Lock files shouldn’t require any dependency resolution to use, so realistically it could just be a list of file URLs direct to wheels or sdists (I think we consider non-packaged sources to be “unlocked”, right?)

The more interesting part is dependency resolution from constraints, particularly as we start seeing more “suitable” packages in some contexts. For example, being able to prefer either a GPU library or a CPU one based on current hardware, or depend on any one of a set of packages (whichever is easiest to install or satisfy other requirements). Automatically assembling an environment is going to require this flexibility very soon, if it doesn’t already.

Just in terms of definitions, I think it makes a lot of things easier to talk about “dependencies to be installed so I can use the library” as “application”, despite the slight mismatch in terminology. I consider all of your examples after this point to be application, because you are resolving the constraints in order to apply them to an install.
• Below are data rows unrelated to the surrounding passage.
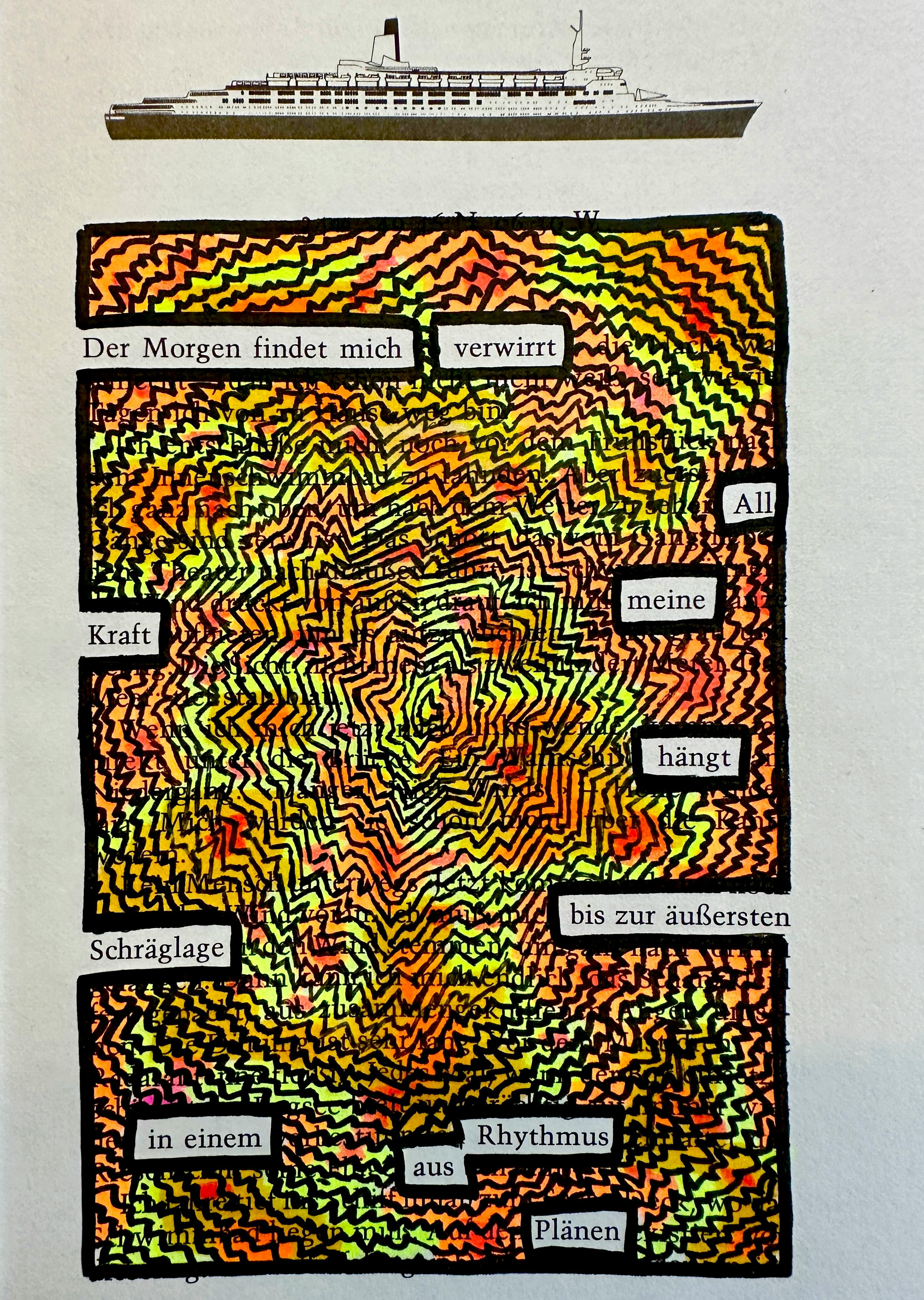 Textverdunkelung: Der Morgen findet mich verwirrt. All meine Kraft hängt bis zur äußersten Schräglage in einem Rhythmus aus Plänen.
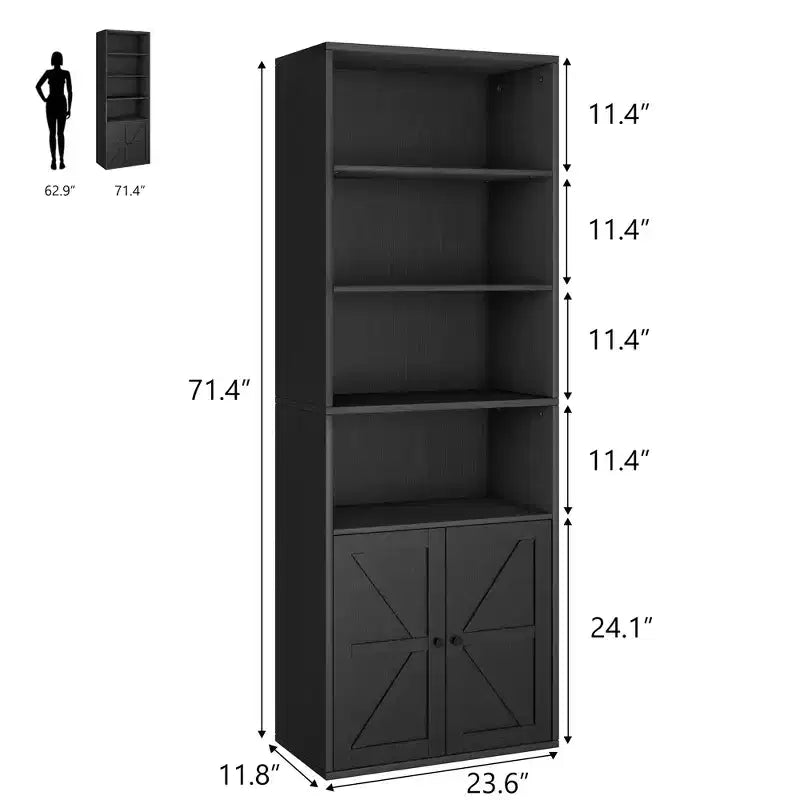 Étagère Industrielle avec Portes, Bibliothèque de Ferme de 71,4 pouces avec 6 Étagères (4 Ouvertes et 2 Derrière une Armoire), Étagère en Bois pour Salon, Bureau à Domicile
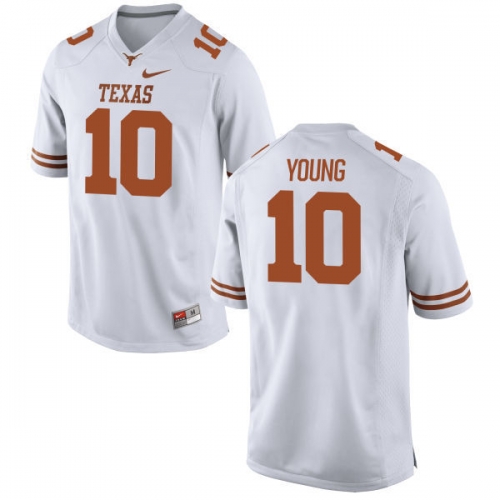 Men's Texas Longhorns 10 Vince Young White Nike College Jersey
People already assume that “library dependencies” are the constraints that a particular library will bring to your personal dependency resolution task (a.k.a. install requires). And it took a long time to get there, so let’s not spoil it now.

This is totally unrelated to certain tools defaulting to restrictive naming schemes :slight_smile: Those are just features on the tool that haven’t been implemented yet, or a signal that your case requires a different tool.

You are correct, I don’t know where I got the impression that pip can’t resolve this. I guess the requirement is not needed, but maybe @pradyunsg can provide some insights on the upcoming new resolver to decide whether it’d help things to keep the acyclic part.

There are other things involved when deciding where to download a specific package (PyPI mirrors to improve download speed, for example), so these need to be references instead. The actual URL can only be determined at installation time, and the reference should contain metadata (hashes) to ensure what is found then matches the lock file’s expectation. :slight_smile:

pip’s documentation somewhere notes something along the line of “pip can handle cycles in a dependency graph, breaking at an arbitrary point in the cycle”. The new resolver will need to handle this situation in a manner compatible with that.

edit

Found 2 places with that:

1 Like

@pradyunsg For this magic resolver we’ll need source trees/distributions to communicate their dependencies upfront, not? (what I hinted at my first post above)

Well, it’s not necessary. We can build a wheel and extract dependency information out of it, FWIW.

But yes, having a direct way to get that information will save unnecessary work. IIRC, PEP 517 did have an optional hook to just give the final list of install-time dependencies, but it was decided to remove it to avoid adding a hook to the PEP that won’t be used until an actual resolver exists.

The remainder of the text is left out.